*** THE RECORDS ***
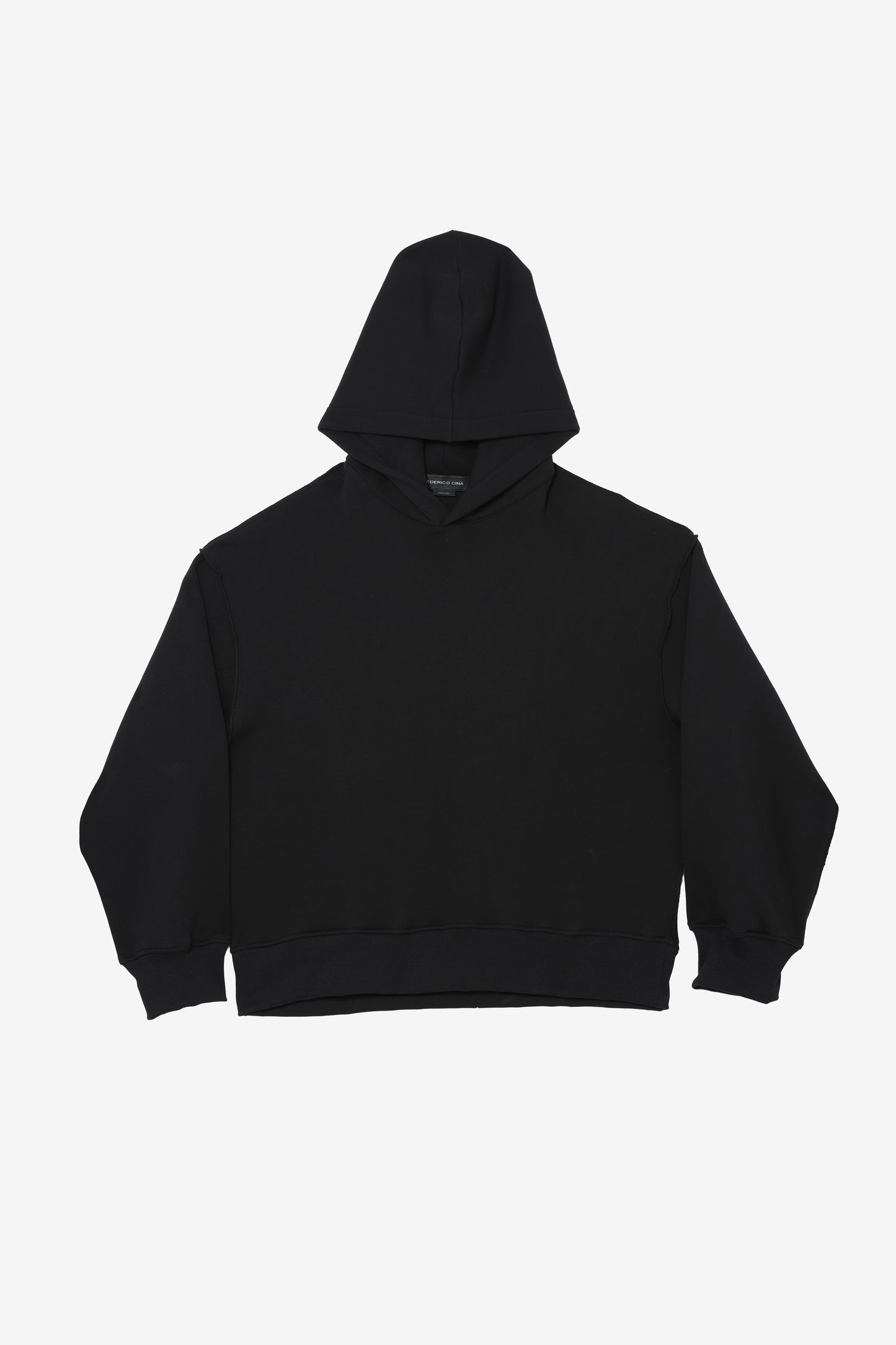 Federico Cina felpa nera artisanal con cappuccio
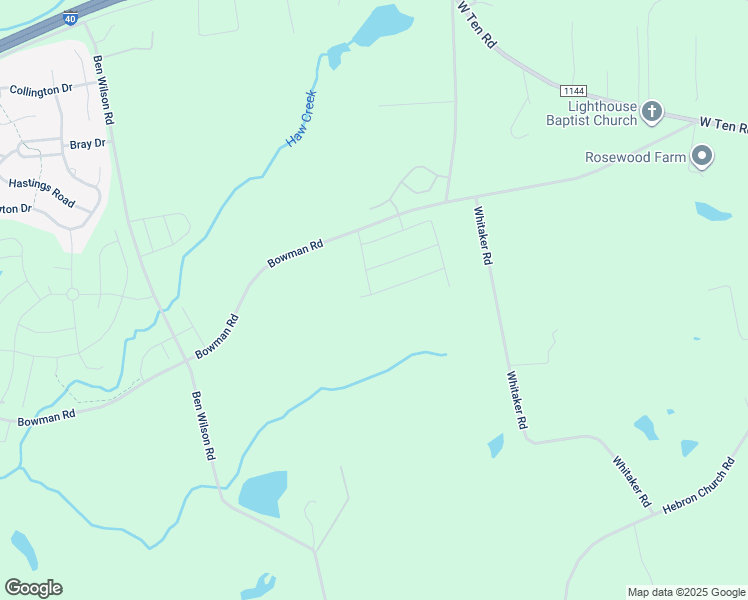 map of restaurants, bars, coffee shops, grocery stores, and more near 7406 Bowman Road in Mebane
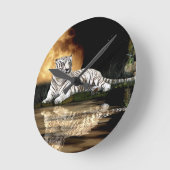 White Tiger & Moon Big Cat Animal Lover Wall Clock Ronde Klok (Hoek)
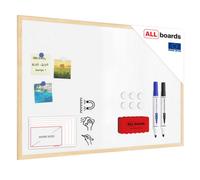 Allboards Whiteboard Dry Erase Magnetic Surface Wooden Natural Frame 90X60 Cm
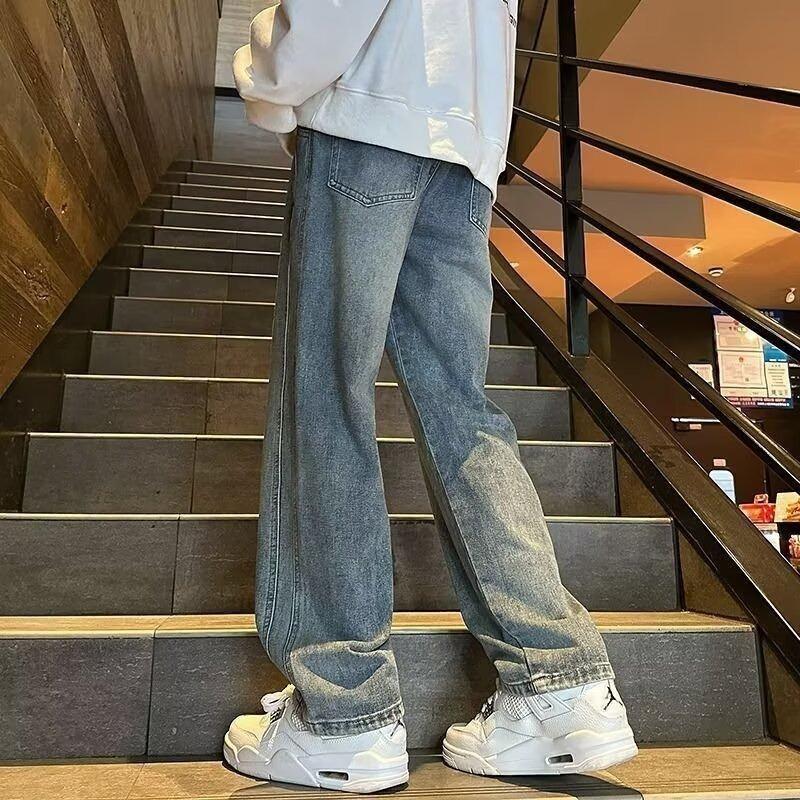 Autumn and Winter Straight Jeans Men's American Loose Trendy High Street Casual Wide Leg Pants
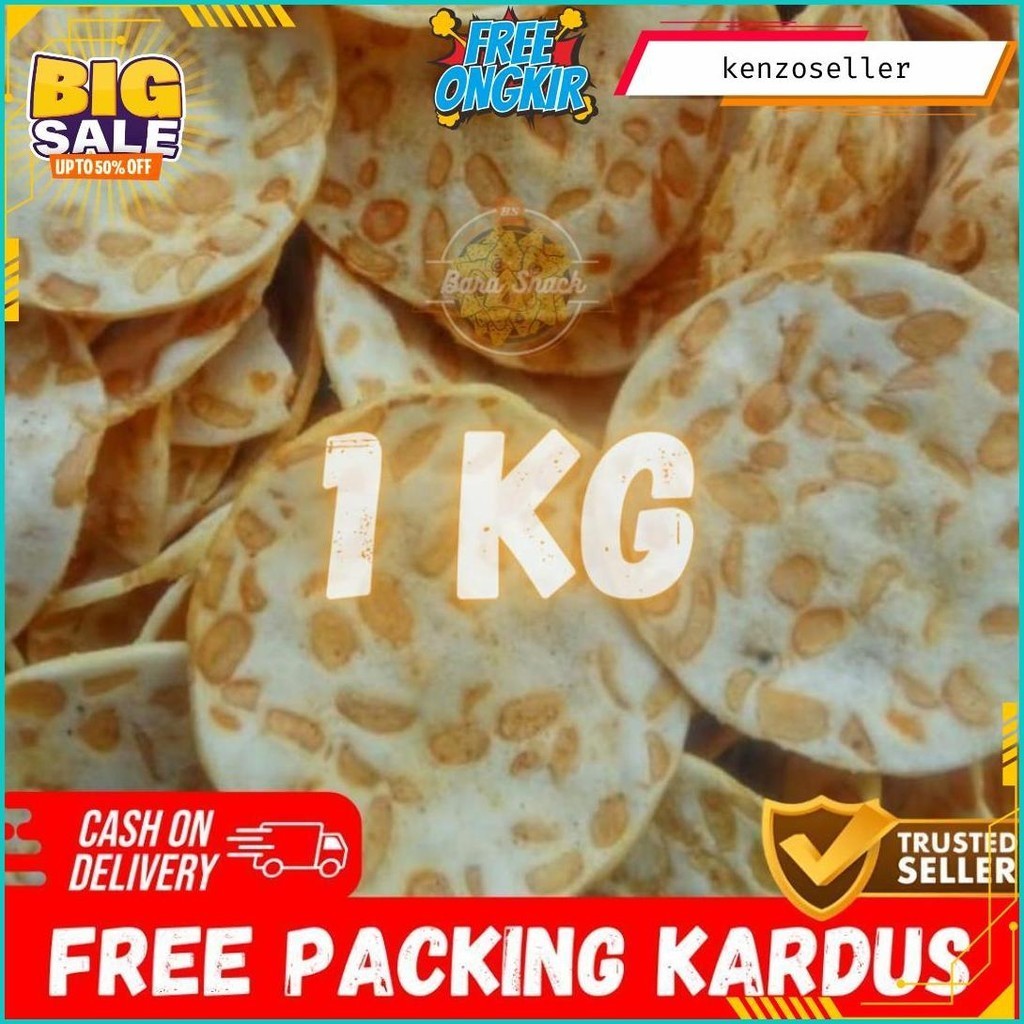 

[ 1Kg ] Keripik Tempe Sagu Gurih ( Free Packing Kardus ) / Camilan Snack Kiloan Murah -K Original Produk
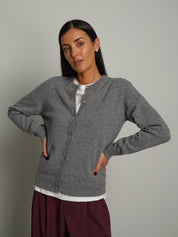 Cardigan rebecchina misto lana - Grigio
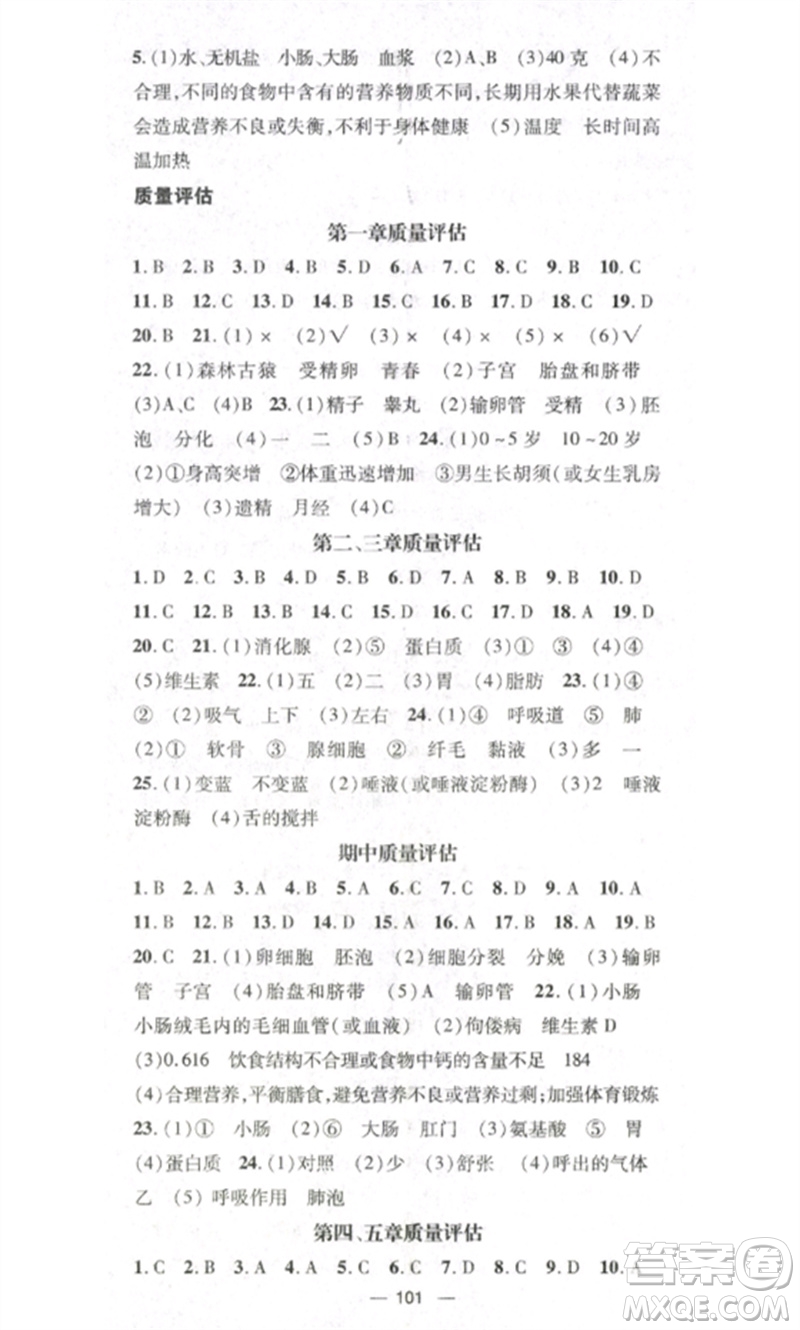 江西教育出版社2023精英新課堂三點(diǎn)分層作業(yè)七年級生物下冊人教版參考答案
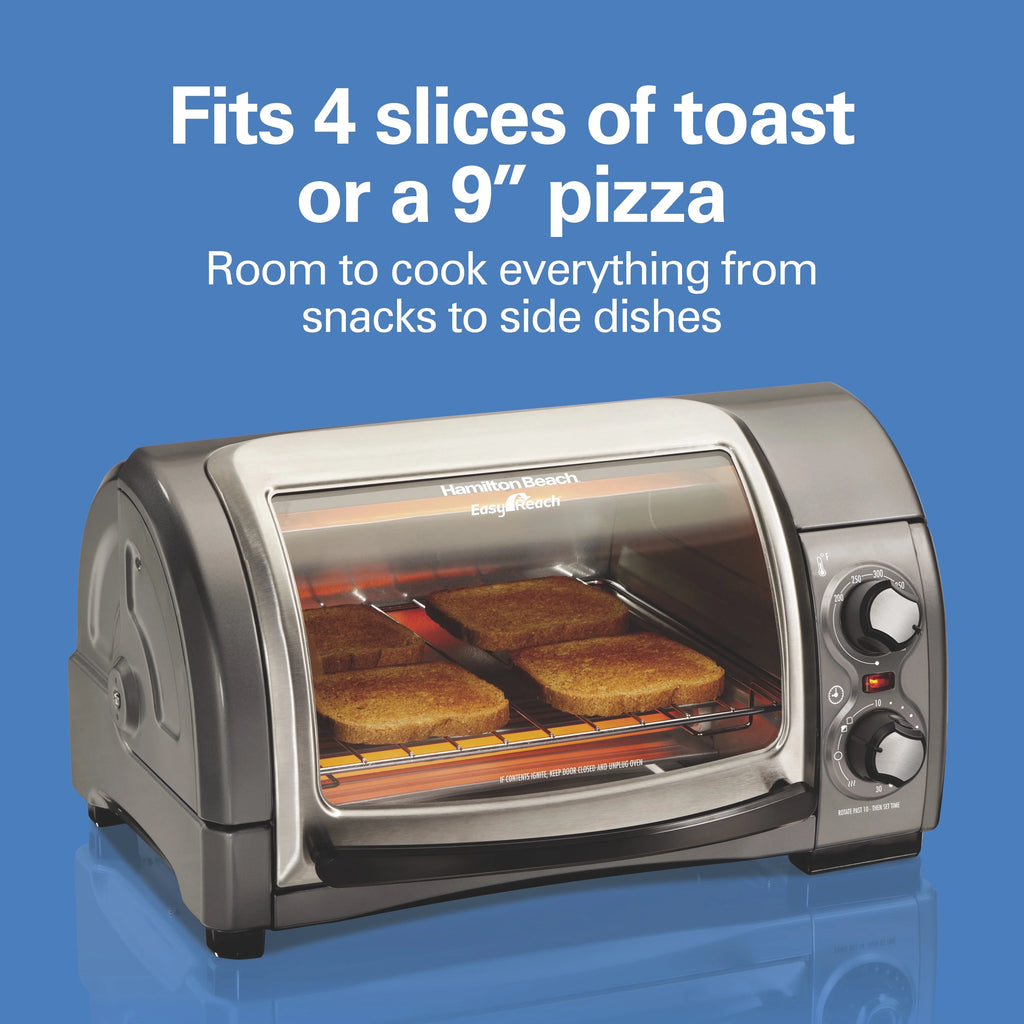 Hamilton Beach 4 Slice Countertop Toaster Oven with Easy Reach Roll-Top Door, Bake, Broil & Toast Functions, Silver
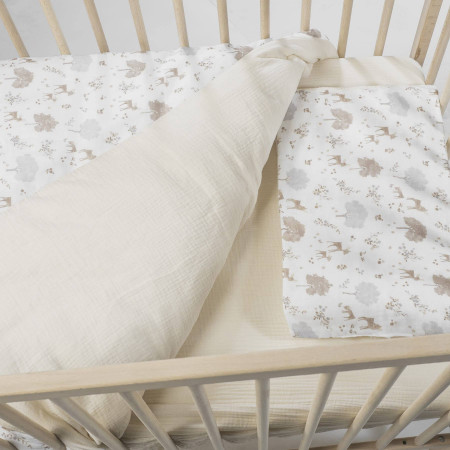 EDREDON BAJERA Y ALMOHADA CUNA 120X60 NARA PASITO A PASITO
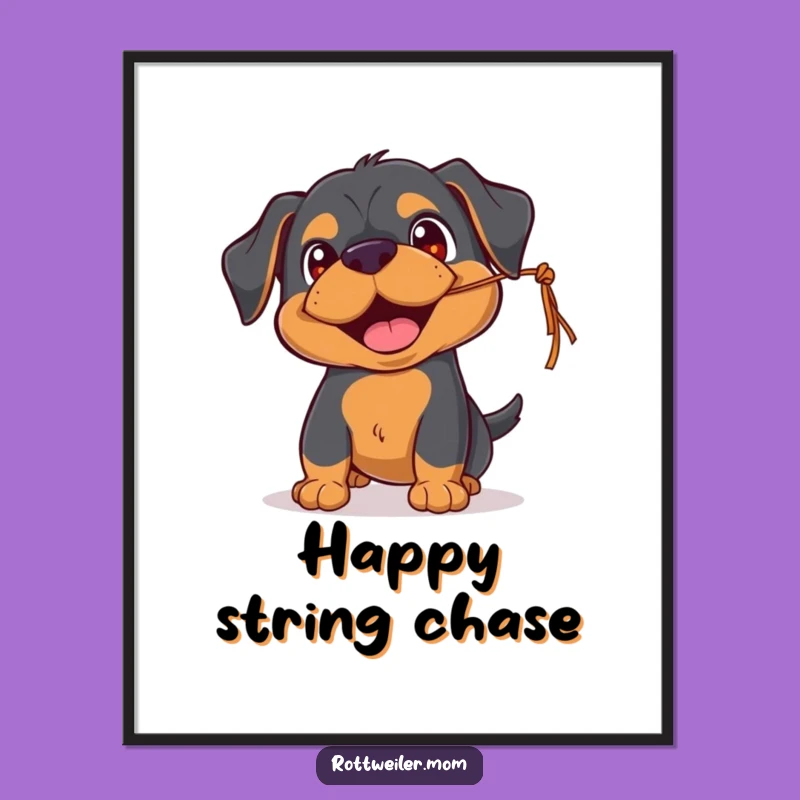 Funny Rottweiler Playful Digital Art - String Chaser Instant Print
*** End of THE RECORDS ***
* EXERCISE GOAL
Copy out the data above to the letter, and keep every picture out of it.

* WRITTEN REPLY
 Federico Cina felpa nera artisanal con cappuccio
 map of restaurants, bars, coffee shops, grocery stores, and more near 7406 Bowman Road in Mebane
 White Tiger & Moon Big Cat Animal Lover Wall Clock Ronde Klok (Hoek)
 Allboards Whiteboard Dry Erase Magnetic Surface Wooden Natural Frame 90X60 Cm
 Autumn and Winter Straight Jeans Men's American Loose Trendy High Street Casual Wide Leg Pants

[ 1Kg ] Keripik Tempe Sagu Gurih ( Free Packing Kardus ) / Camilan Snack Kiloan Murah -K Original Produk
 Cardigan rebecchina misto lana - Grigio
 江西教育出版社2023精英新課堂三點(diǎn)分層作業(yè)七年級生物下冊人教版參考答案
 Hamilton Beach 4 Slice Countertop Toaster Oven with Easy Reach Roll-Top Door, Bake, Broil & Toast Functions, Silver
 EDREDON BAJERA Y ALMOHADA CUNA 120X60 NARA PASITO A PASITO
 Funny Rottweiler Playful Digital Art - String Chaser Instant Print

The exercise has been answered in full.